Wir fuhren auf der Jadeh Maywand, einer der ehemals verkehrsreichsten Straßen, in westlicher Richtung dem Stadtteil Karteh-Seh entgegen. Im Norden lag das knochentrockene Bett des Kabul-Flusses. Auf den Hügeln im Süden ragte die alte, verfallene Stadtmauer auf. Und gleich östlich davon thronte die Festung Bala Hissar — jene uralte Burg, die 1992 von Warlord Dostum okkupiert worden war — hoch oben auf einer Kuppe der Shirdarwaza-Kette, ebenjener Berge, von denen aus Gulbuddins Truppen zwischen 199z und 1996 die Stadt mit Raketen beschossen und einen Großteil der Schäden angerichtet hatten, die ich nun vor mir sah. Die Shirdarwaza-Kette erstreckt sich bis weit nach Westen. Ich erinnerte mich an die Böller der Topeh chasht, der »Mittagskanone«, die von diesen Bergwänden widerhallten. Die Kanone donnerte jeden Tag Schlag zwölf und außerdem, um während des Ramadan bei Einbruch der Nacht das Ende der Fastenstunden anzuzeigen. Sie war damals überall in der Stadt zu hören.

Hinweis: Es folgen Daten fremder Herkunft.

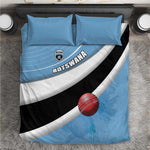 Botswana Cricket Bedding Set Go Champions Baggy Blues - African Pride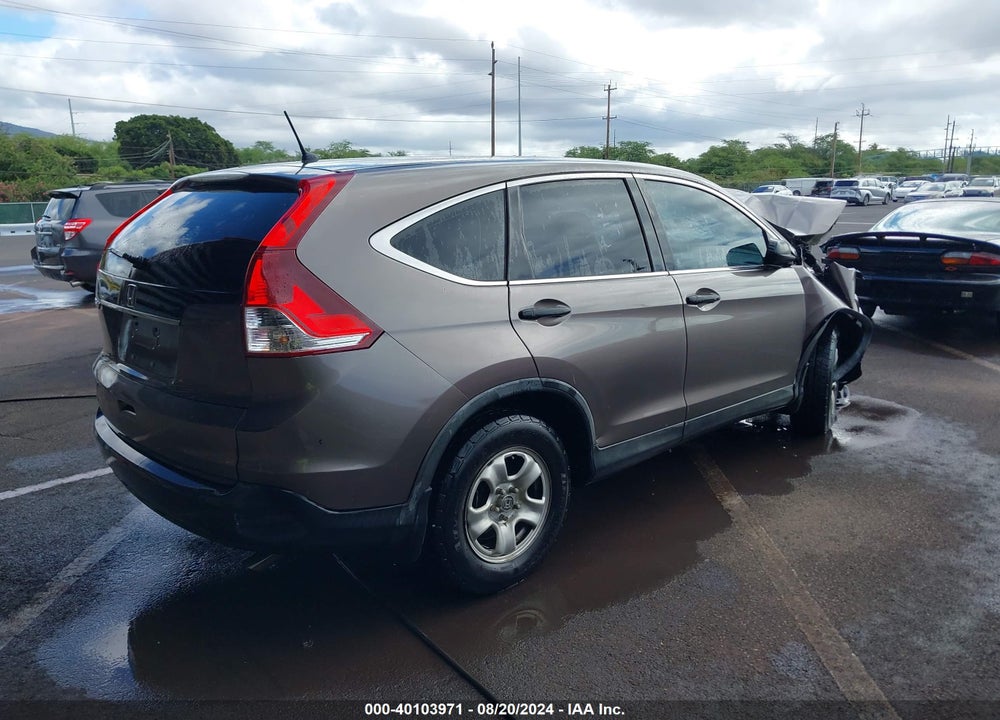 2013 HONDA CR-V LX VIN: 3CZRM3H30DG705050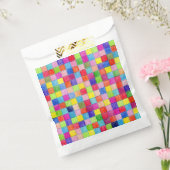 Farbige grafische Papierquadrate geometrisches Mus Geschenktütchen (Versiegelt)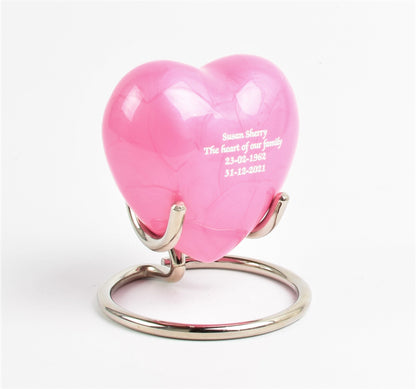 Pink Heart With Box & Stand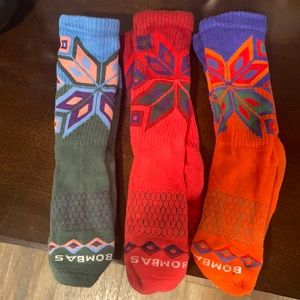 3 pack of Bombas socks M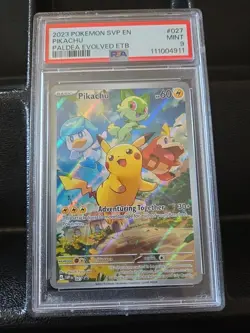 Pikachu 027 Sv: Scarlet & Violet Promo Cards Holo PSA 9 - Image 1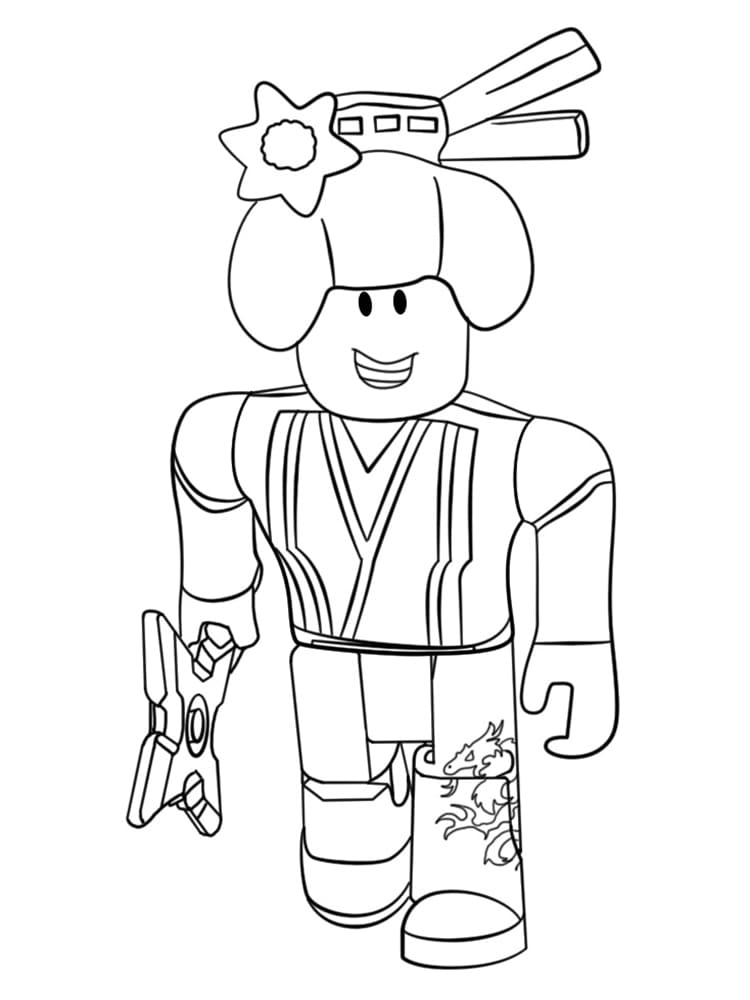 Roblox (15) Boyama Sayfası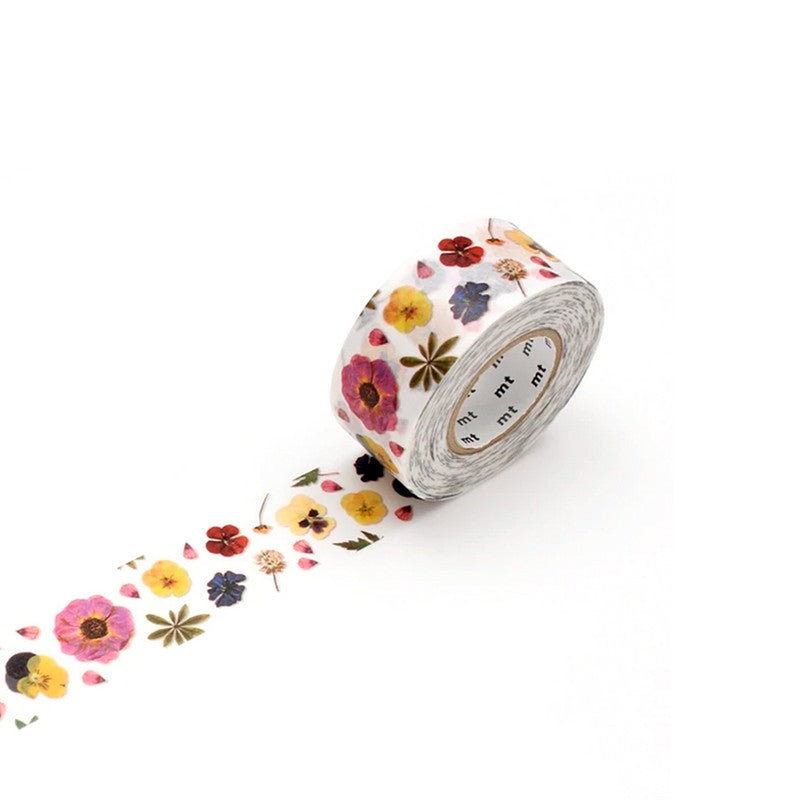washi tape - pressed flower - mt for pack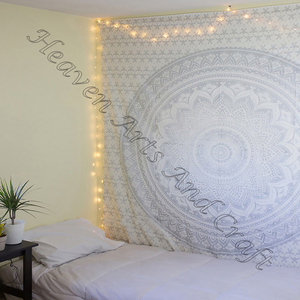 Tapiz colgante de pared de algodón para decoración del hogar, tapiz indio con diseño personalizado de Mandala, venta al por mayor, nuevo diseño - Product Image 6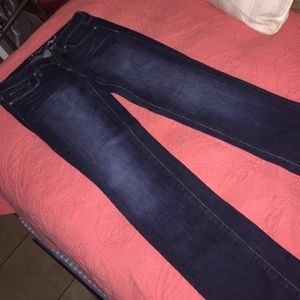 Dark blue jeans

»Auf der Jadeh Maywand war ich früher oft als Kind«, brummte ich vor mich hin. »Es gab jede Menge Geschäfte und Hotels. Neonreklame und Restaurants. In einem kleinen Laden neben dem alten Polizeipräsidium habe ich meine Drachen gekauft, bei einem alten Mann, der Saifo hieß.«
»Das Polizeipräsidium steht noch«, sagte Farid. »An Polizei fehlt es hier wahrhaftig nicht. Aber Drachen oder Läden, in denen man Drachen kaufen kann, wirst du hier und in ganz Kabul vergeblich suchen. Damit ist es vorbei.«
Die Jadeh Maywand hatte sich in eine breite Sandpiste verwandelt. Die Gebäude, die noch standen, drohten in sich zusammenzusacken. Dächer waren eingestürzt, und die Mauern steckten voller Granatsplitter. Ganze Häuserreihen lagen in Trümmern. Aus einem Schutthaufen sah ich ein von Kugeln durchsiebtes Reklameschild ragen: DRINK COCA CO… konnte ich noch lesen. Ich sah Kinder in den Ruinen fensterloser Häuser zwischen Mauerresten spielen. Fahrradfahrer und Maultiergespanne kurvten im Zickzack um Trümmer, Kinder und streunende Hunde. Ein Schleier aus Staub hing über der Stadt; jenseits des Flusses stieg eine Rauchsäule in den Himmel.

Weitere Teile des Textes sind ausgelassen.